Dalton does so with such ruthless efficiency that reinforcements are called in, in the form of Knox (Conor McGregor), an equally disturbed fighter who relishes his damaged personality much more than Dalton does. Throw in a love interest for Dalton, Ellie (Daniela Melchior), who was also left underdeveloped, and the stage is set. We all know where this is going. At first, all the violence is just business, but by the final act, it’s personal, leading to a bloody denouement where Dalton and Knox figure out who has the biggest cock.
Oh, if only things were that simple. Because most of the players are left one-dimensional and expendable, the heavy lifting in the film is done by Gyllenhaal, and, to a lesser extent, McGregor.
This being McGregor’s first foray into acting, I didn’t expect much. During fight scenes he’s at his best. While, during scenes of dialogue, he’s a cartoonish baddie.
Gyllenhaal is the true curiosity in this movie. He goes through most of the film with a silly smirk on his face, as if he’s privy to a joke no one else gets. The character is a damaged individual, owing to him beating his opponent to death in a UFC fight, but that one incident does little to explain just how creepy the character is. Jake went too far with the internal guilt of the character. He’s not someone dealing with the guilt of what he’s done, but what he continues to do throughout the entire movie.
Dalton isn’t in every scene, but his character is constructed in a way that one could think of him as an unreliable narrator. In fact, the movie gets more fun if one does that. Dalton is so violent, so dangerous, and so crazy, that one can picture the film as what the world looks like through his eyes. All the polite people in the movie, who greet him with smiles and respect, are actually terrified of him. Their mouths may be smiling, but their eyes are begging for any excuse to stay away from him. He is a man who invites chaos into his life because he can never let anything go. It’s not long after he arrives that it becomes clear his job is a threat to his very life. Who in the world continues to work security at a bar after thwarting multiple murder attempts? No one. Not a single person, anywhere.
But, again, watch this movie as if Dalton’s insanity is keeping him from seeing reality, and it makes perfect sense. Everywhere he goes the world is divided into those trying to kill him, and those trying to steer clear.

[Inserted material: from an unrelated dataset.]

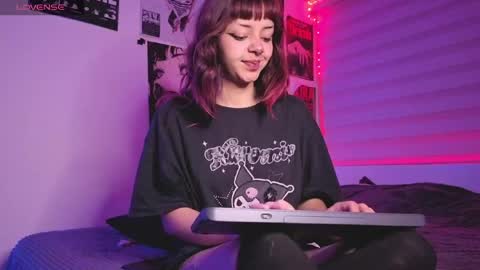 Snapshot of nixxi_ chatting on July 27, 5:36 am nix online show from July 27, 5:36 am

Frankie made a huge mistake when she hired this man.
Where Road House falls flat, though, is in objective quality. Those underdeveloped supporting characters place a substantial burden on the story, and that is just as underdeveloped. Liman and company went all in on the fighting, hoping it would carry the movie. It doesn’t, for many reasons. The major problem, I believe, was the heavy use of CGI in the fights. The idea was to make the fighting appear more realistic, but it does not do so. Every punch lands like a sledgehammer on a cinderblock, like an overcorrection of Sonny Corleone’s phantom punch in The Godfather. It looks fake, because it is fake. All that training and nutrition Gyllenhaal and McGregor went through for this movie, and it’s wasted in fight scenes no more believable than a lightsaber duel.
Expectations were much higher for this movie than they should have been. That said, Road House is a joyless slog, featuring a hero who is so frightening and murderous he’s impossible to root for, with action pressed through such a thick CGI wringer it may as well have been a cartoon. Road House is a movie that trades in on a popular name, delivering to audiences a product that has little respect for its source material, or for the poor folks suckered into watching it. Not only is this new Road House not a contender for the top spot in the Index, it falls into the lower half, displacing Bunker: Project 12 at #319. Yuck.